1. I bank with NAB and have had no issues with them. I also opened my account online with them prior to arriving in Australia.

2. You can open an account online prior to your arrival in Australia. You provide your current physical address (does not need to be an Australian address), though NAB will only communicate with you via email prior to your arrival in Australia. Once you register for your account, they will send you an email 24 - 48 hours later with your bank details and the details of your personal bankers, who you will be required to contact prior to your arrival to set up a time to activate your account and verify your identity.

Do note that whilst you can transfer money into the account, you will not be able to withdraw any funds until you have physically presented yourself at the bank and they have confirmed your identity. This done, they will issue you with a EFPTOS card right there and then and your debit card will follow in the post a few days later or alternatively, you can collect it in branch.

You will also be required to change your address once you are in Australia.

Please note that you will only be able to open a basic account online though you can upgrade to another account when you are in the country. The basic account is free but you will have to pay a fee if you do not deposit a certain amount in your account every month should you choose to upgrade to for e.g. a gold account.


----------



## blaze_235 (Dec 11, 2010)

Thanks Jupiter1. What lead me to ask this questions is on the website of NAB it suggests that 1) You could open a Bank account 12 months in advance before coming to Australia, so my assumption was it is not possible to have a address in OZ before you come. I can provide my existing address in India though.
2) Also the address area has a *Your address before arriving in Australia.* section.
What am confused is how do I get my ATM card and other details .. do they send it to India?

Cheers


----------



## blaze_235 (Dec 11, 2010)

Thank Maz25. That pretty much answers one of my main concerns. Regarding the availability of Branches does NAB have a good foot print?

cheers
Blaze


----------



## Maz25 (Jul 6, 2008)

blaze_235 said:


> Thanks Jupiter1. What lead me to ask this questions is on the website of NAB it suggests that 1) You could open a Bank account 12 months in advance before coming to Australia, so my assumption was it is not possible to have a address in OZ before you come. I can provide my existing address in India though.
> 2) Also the address area has a *Your address before arriving in Australia.* section.
> What am confused is how do I get my ATM card and other details .. do they send it to India?
> 
> Cheers


The advice given to you by Jupiter is incorrect.

You only get your bank card when you are physically in Australia and the bank has verified that you are exactly who you say you are.


----------



## Maz25 (Jul 6, 2008)

blaze_235 said:


> Thank Maz25. That pretty much answers one of my main concerns. Regarding the availability of Branches does NAB have a good foot print?
> 
> cheers
> Blaze


Yes, they do. You will have to nominate which area you are intending to relocate to and they will advise you of your nearest branch.

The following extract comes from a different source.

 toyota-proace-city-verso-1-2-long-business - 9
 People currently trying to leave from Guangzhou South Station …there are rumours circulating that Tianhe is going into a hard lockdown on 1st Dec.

They also have a lot of cash machines nationwide. If you log on to their website, they will show you the location of your nearest branch and/or cash machines.


----------



## Amondsham54 (Jul 18, 2012)

what about the policy for the students?


----------



## lifeisgood (Mar 30, 2010)

Hi ;
I have recently moved to SA(2 weeks back)...
I opened an account when I was in India ....You can deposit money in that account(from India itself) but the account will be activated only when you physically go to a bank and show your passport..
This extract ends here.